07 abril 2021

Do que morre por causa do que nasce

Num discurso proferido em 1901, Frank Lloyd Wright, um dos mais famosos arquitectos norte-americanos, cita Notre-Dame, de Victor Hugo: [t]he prophecy of Frollo, that "the book will kill the edifice," I remember was to me as a boy one of the grandest sad things of the world.

Em 1980, a banda The Buggles lançava uma música chamada Video killed the radio star, com o seguinte (e criativo refrão): Video killed the radio star / Video killed the radio star / Pictures came and broke your heart / Oh-a-a-a oh.

Em The muse learns to write, afirma Eric A. Havelock: (...) Rousseau had failed to perceive the true source of the "catastrophe" - the reduction of language to text. An "interior" consciousness has been forced forward and virtually destroyed   

Em O infinito num junco, Irene Vallejo afirma: [a]ntes da invenção da imprensa, cada livro era único.

***

Estas quatro referências, aparentemente desconexas entre si, têm um fio condutor: o que desaparece com aquilo que nasce: a máquina matou a criatividade, o vídeo matou a estrela da rádio, a escrita matou a uma certa consciência interior, a imprensa matou o acto único (antes desta expressão ter uma conotação fiscal).
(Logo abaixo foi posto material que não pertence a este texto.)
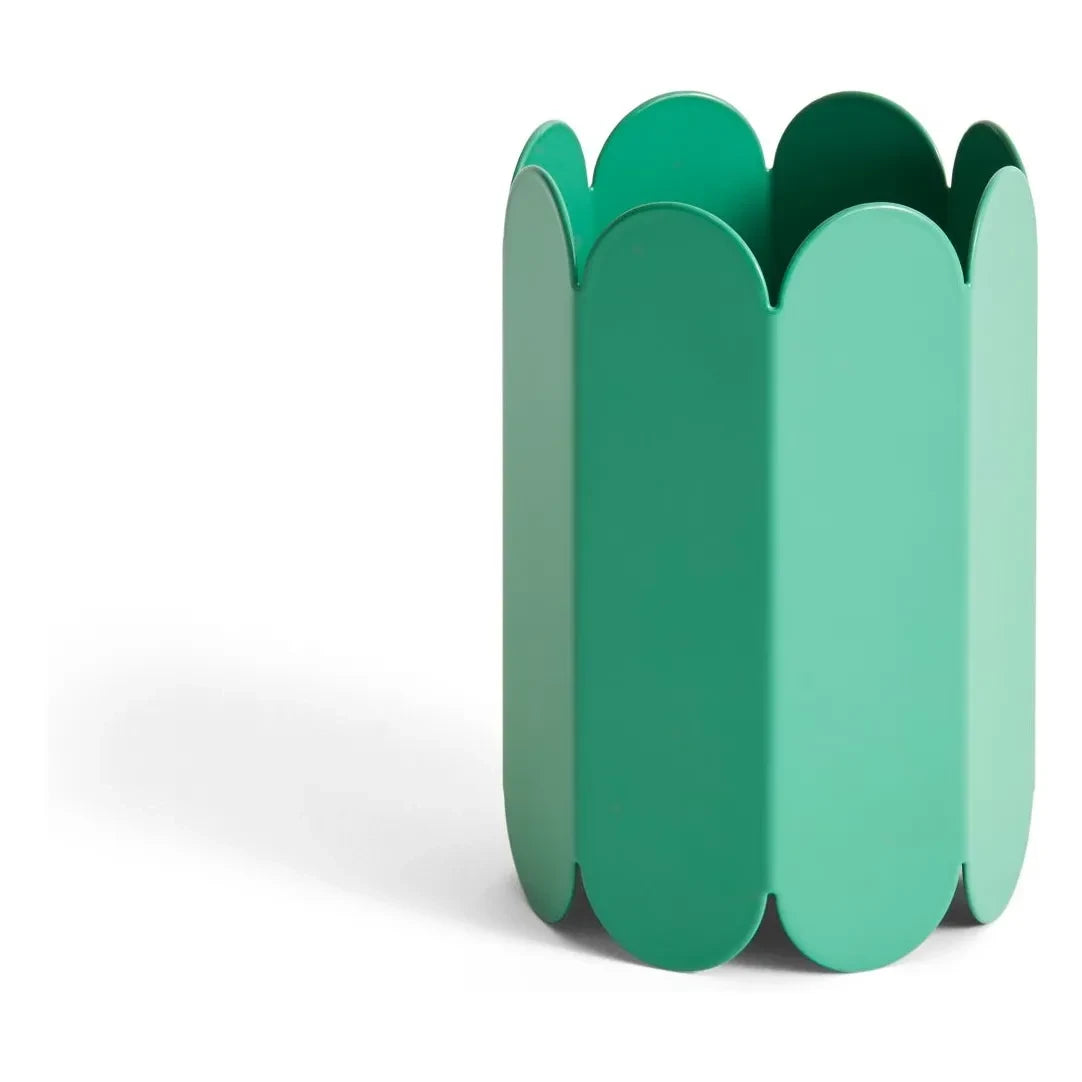 Hay - Vase Arcs | Yeşil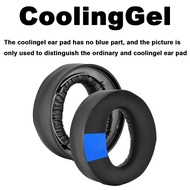 Suitable for Sony PS5 PlayStation 5 PULSE 3D replaceable earphone sponge earflap ear pad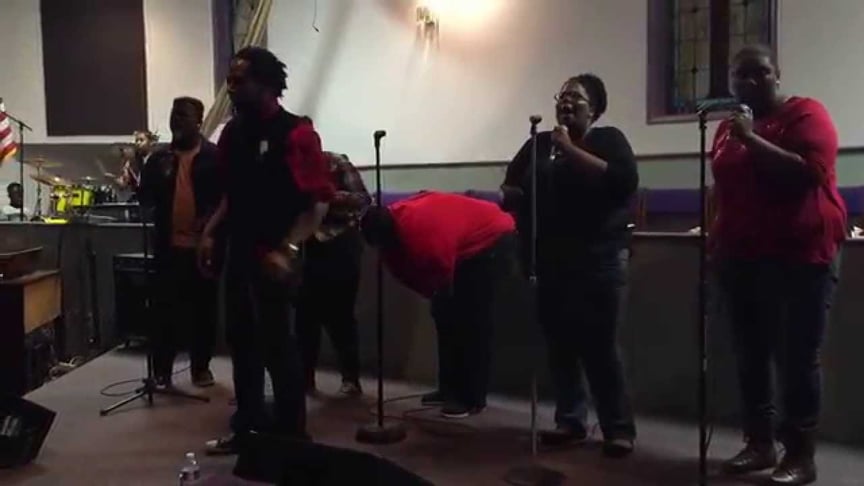 Anthony Avery & Eclectic Performance April 3rd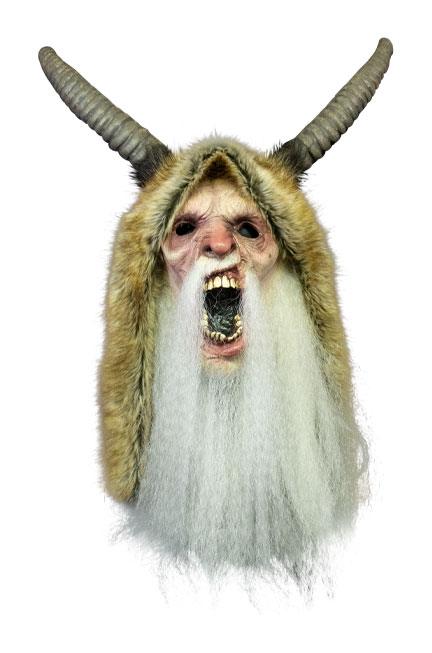 Krampus Máscara The Krampus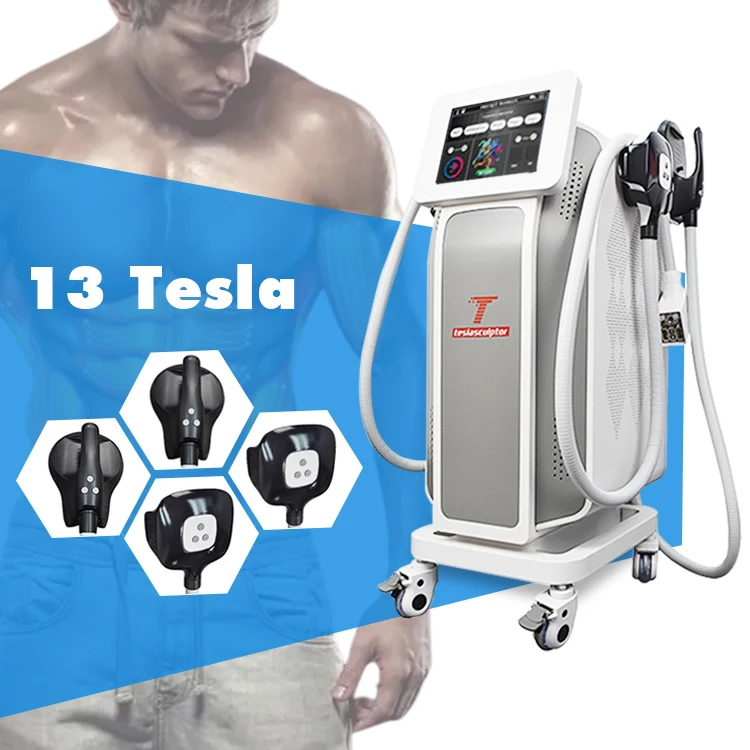 

muscles stimulate neo 13 tesla mquin maquina maquin tesla sculptor 4 handle Hiemt pro for sale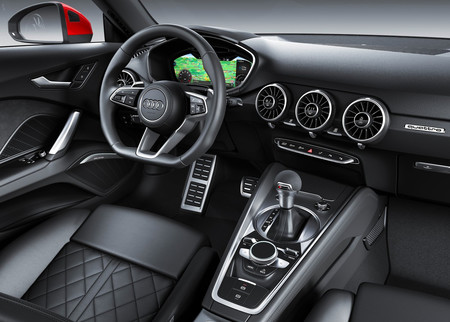 Audi Tt 2019 13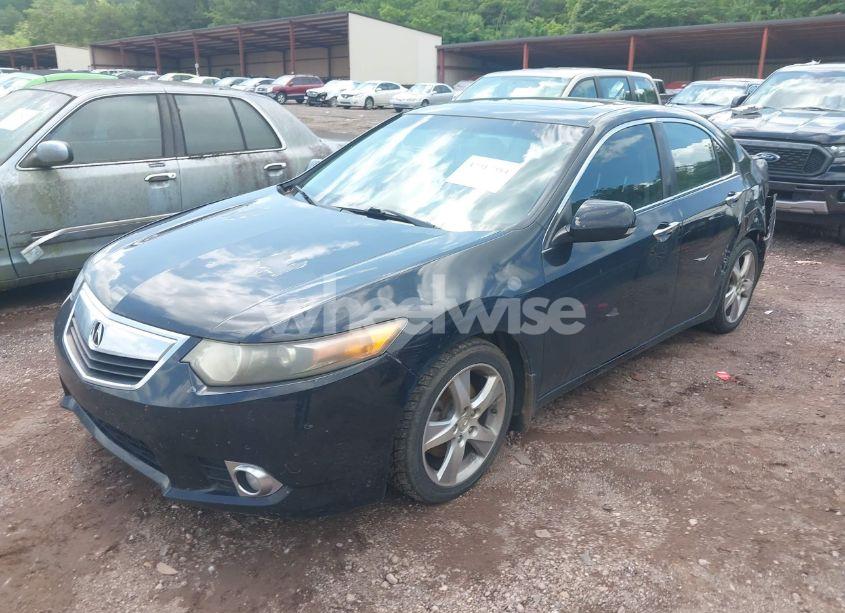 Photo 2 of 2011 Acura Tsx 2.4 (VIN JH4CU2F68BC014480)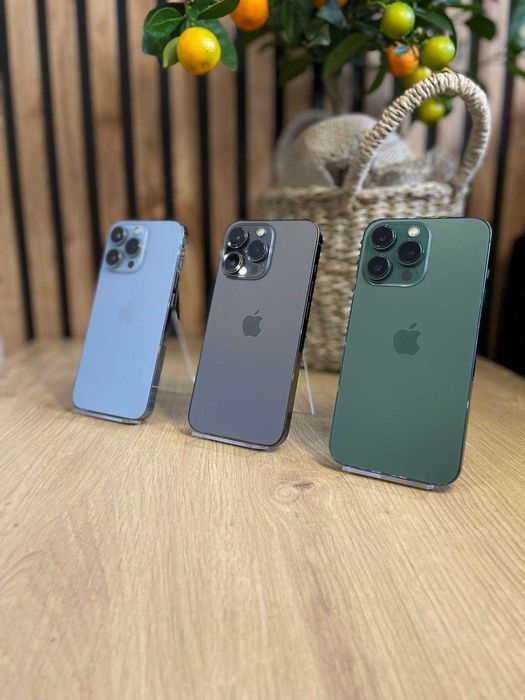 iPhone 13 Pro Max 256GB | Bateria 100% | Gwarancja 2 lata | Jak Nowy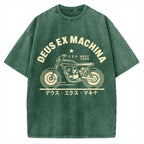 Deus Ex Machina Vintage Washed T-shirt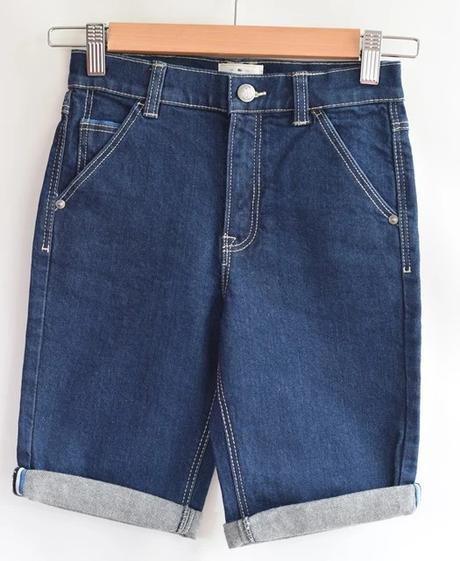 Kraťasy vel. 9 let, 134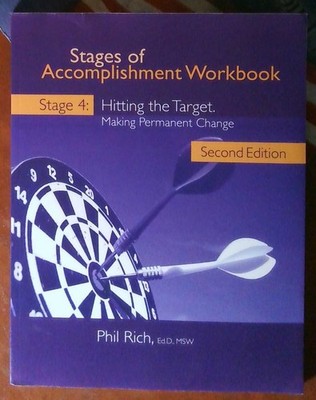 Stages of Accomplishment: Stage 4   Hitting the Target: Making Permanent Chang..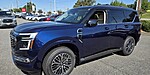 New 2025 NISSAN ARMADA PLATINUM in HICKORY, NORTH CAROLINA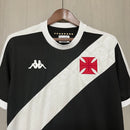 Camisa I Vasco | 24/25 Torcedor Kappa - Preta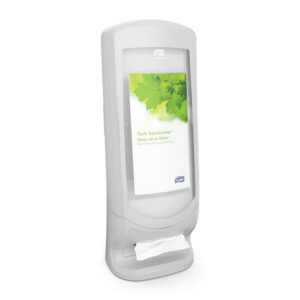 FEEDER Interfold salveta Tork Xpressnap Stand, LARGE, desktop, s reklamnim prozorom, bijela, N4 art.111115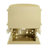 2 - Drawer Nightstand in Champagne Silver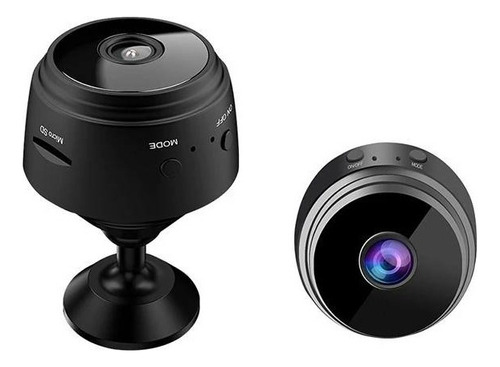 Cámara De Seguridad Shenzhen A9 Mini Con Resolución De 1080p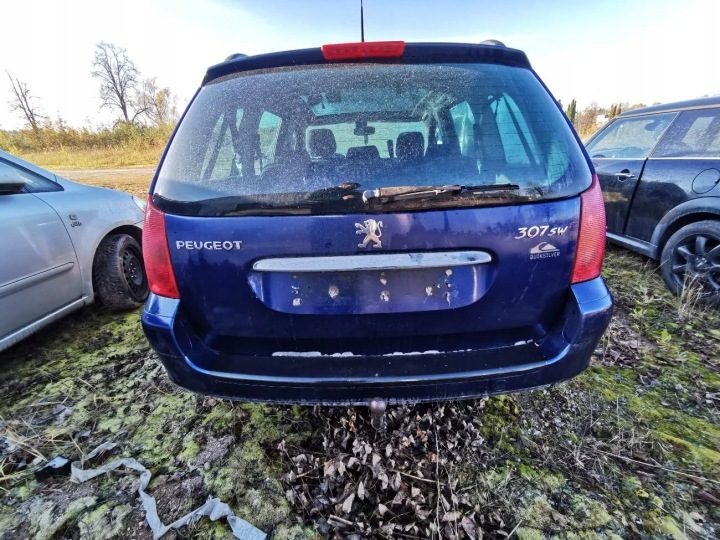 Peugeot 307 Датчик скорости ESP 2003 2.0L 9645447780 0265005253, 96454477, фото 7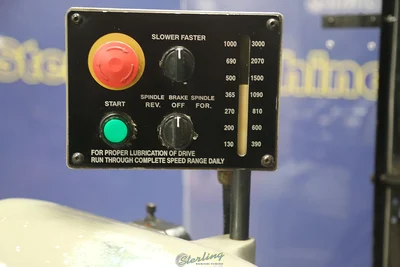 Used SHARP 1118H Precision Lathes California US | Sterling Machinery Exchange #1465545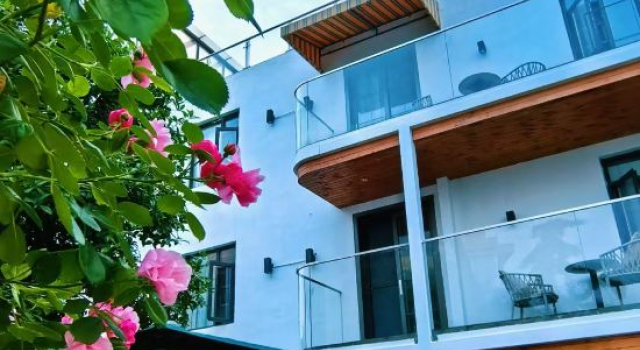 East Lake Joyful Homestay, Prenota Hotel Hotel a Hubei con parcheggio, Parcheggio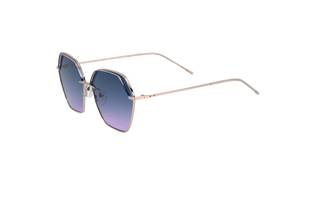 Ochelari de Soare Dama Hexagonali, Made In Italia Alicudi C03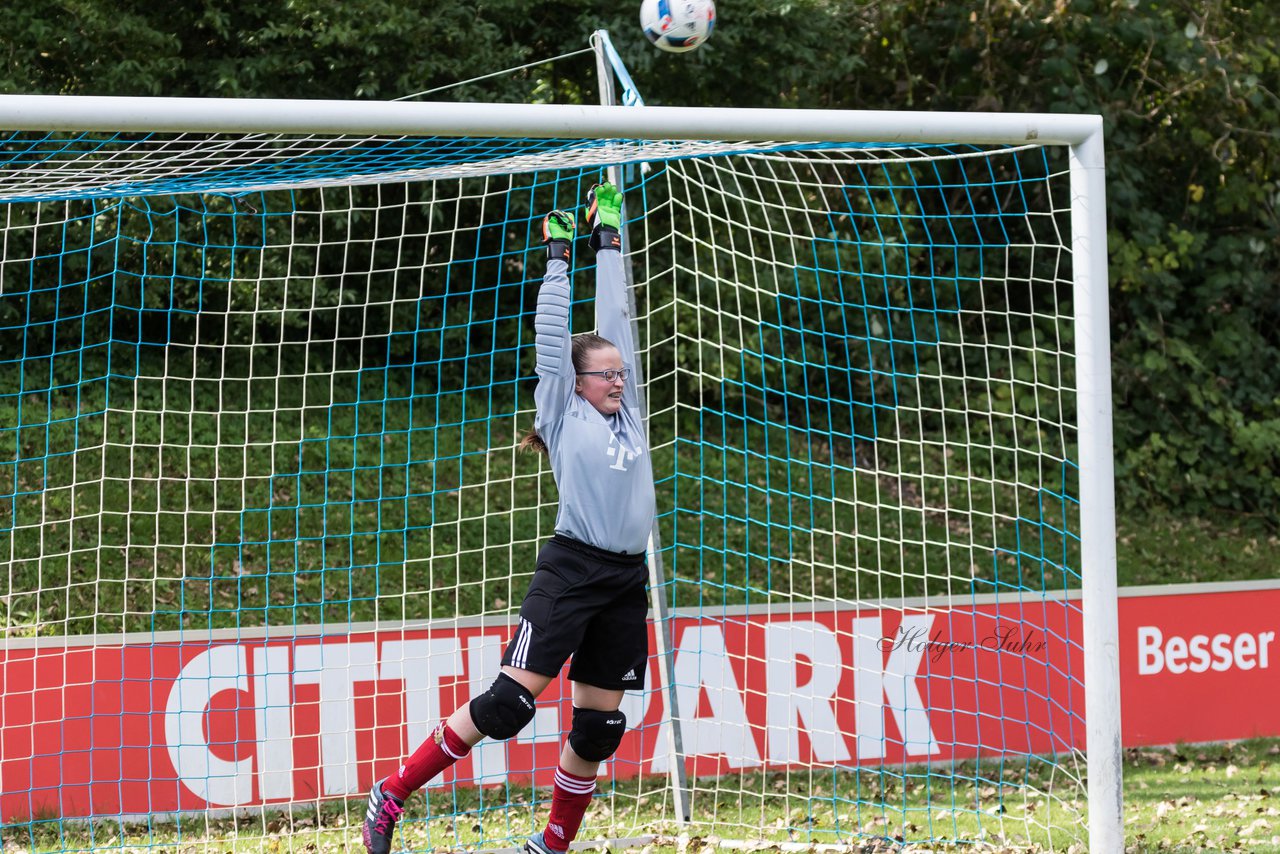 Bild 169 - B-Juniorinnen Holstein Kiel - SV Wahlstedt : Ergebnis: 5:0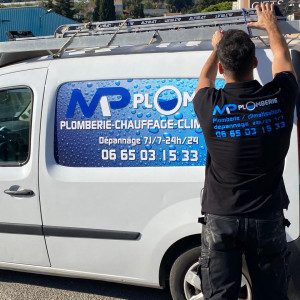 MP Plomberie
Lembrei-me deste devaneio por via do livro, de Gutenberg, do carácter único das coisas, daquilo que desaparece por causa da evolução, do progresso, da melhoria da qualidade de vida, da ideia de dignificação da profissão, ou coisas quejandas. 

Antes da invenção da prensa, antes de Gutenberg ter revolucionado o mundo, cada livro era uma obra única, uma preciosidade não replicável, mas copiada por mãos firmes, olhares argutos, vidas dedicadas a um certo silêncio. Em bom rigor, uma conversa é um livro pré-prensa: não é replicável mas pode ser copiada, vulnerável, como era a actividade do copista, à confusão, à má interpretação, à tresleitura da palavra dita ou escrita.

A prensa melhorou o mundo, a escrita melhorou o mundo; não sei, contudo, se o mundo ficou inquestionavelmente melhor , se é que me faço entender. Talvez Frank Lloyd Wright e os The Buggles tivessem, ironicamente, alguma razão.